2007年のパンフレットによりますと、5月22~25日(日)第22回マルコ・リッツォッティ杯(XXII Trofeo Marco Rizzotti)を懸けた帆船競技が行われたそうです。世界五大陸から参加した20チームにより、ヴェーネト海岸で闘われました。これは第1回のイタリア・カップ(1°Coppa Italia)となったようです。
マルコ・リッツォッティ杯その他5月24日(土)には、ヴォガエウローパ(Vogaeuropa)という櫂漕のイヴェントがあり、ヴェネツィア人、パードヴァ人、トレヴィーゾ人等、特にオーストリア、ドイツ、フランス、オランダ、ハンガリー、スロヴェニアからも参加者があり、パードヴァ市を中心に川や運河を使っての櫂漕だったそうです。
ヴォガエウローパ登場した舟には、dodesone(12人漕ぎ?)、diesone(10人漕ぎ?)、bateoni、gondoloni、caorline、gondole、sandoli、mascarete(全て複数形)と多彩だったようです。

6月に入ると、かつての大海運共和国であったアマルフィ、ジェーノヴァ、ピーザ、ヴェネツィアの都市間で、4都市対抗のレガッタ競技が争われます。毎年4市持ち回りで会場は変わります。競技に先立って、歴史的な、伝統的船での時代行列が繰り広げられます。

6月14・15日(土・日)には、第1回カジノ・ディ・ヴェネツィア 大チャンピオン大会(1°Casino` di Venezia Gran Gala` dei Campioni)が行われました。これは2年前のローラー・スケートのイタリア選手権大会の成功を受けて、ヴェネツィアのホッケー・クラブ協会が、今後の躍進を願って、国際的関心を呼ぶに違いないイヴェントを多くのスケート愛好者に提供しようというものです。即ち《カジノ・ディ・ヴェネツィア――スケート芸術選手権大会》です。

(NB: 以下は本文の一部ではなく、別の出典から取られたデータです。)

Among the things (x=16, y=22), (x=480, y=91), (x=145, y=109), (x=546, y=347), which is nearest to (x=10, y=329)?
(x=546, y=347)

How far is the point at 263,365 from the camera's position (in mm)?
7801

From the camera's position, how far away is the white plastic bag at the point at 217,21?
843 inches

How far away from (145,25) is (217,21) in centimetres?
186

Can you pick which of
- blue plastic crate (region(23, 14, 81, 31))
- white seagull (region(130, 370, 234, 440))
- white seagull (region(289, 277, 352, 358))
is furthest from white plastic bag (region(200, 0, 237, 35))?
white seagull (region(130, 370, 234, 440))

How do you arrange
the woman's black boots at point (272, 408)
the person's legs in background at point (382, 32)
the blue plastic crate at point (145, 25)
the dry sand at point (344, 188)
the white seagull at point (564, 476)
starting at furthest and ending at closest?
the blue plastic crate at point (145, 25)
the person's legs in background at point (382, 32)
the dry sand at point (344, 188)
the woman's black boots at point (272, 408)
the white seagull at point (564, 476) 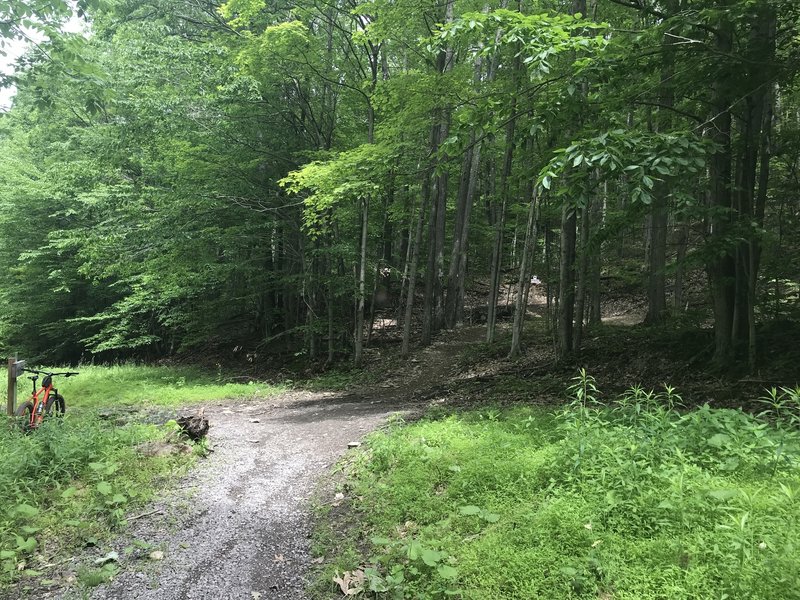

6月15日(日)には、第9回カヴァッリーノ・トゥレポルティ櫂漕パーリオ(9°Palio Remiero delle Contrade di Cavallino Treporti) がありました。この大会は、かつてあった、その海と櫂漕の歴史を蘇らせました。
カヴァッリーノ・トゥレポルティ櫂漕パーリオ「過去には潟や運河、川を、沿岸の野菜や果物を満載したカオルリーナが行き来していた。野菜栽培農民の間では競争があり、リアルト市場に一番乗りして産品を出来るだけ有利に売ろうと櫂を漕いだのである。

今日《パーリオ》はこうした人達の心を蘇らせ、世界で唯一の町であるヴェネツィアへの愛が成せる、ヴェネツィア漕ぎのチャンピオンと共に、我々にこの素晴らしい教訓を伝えてくれる。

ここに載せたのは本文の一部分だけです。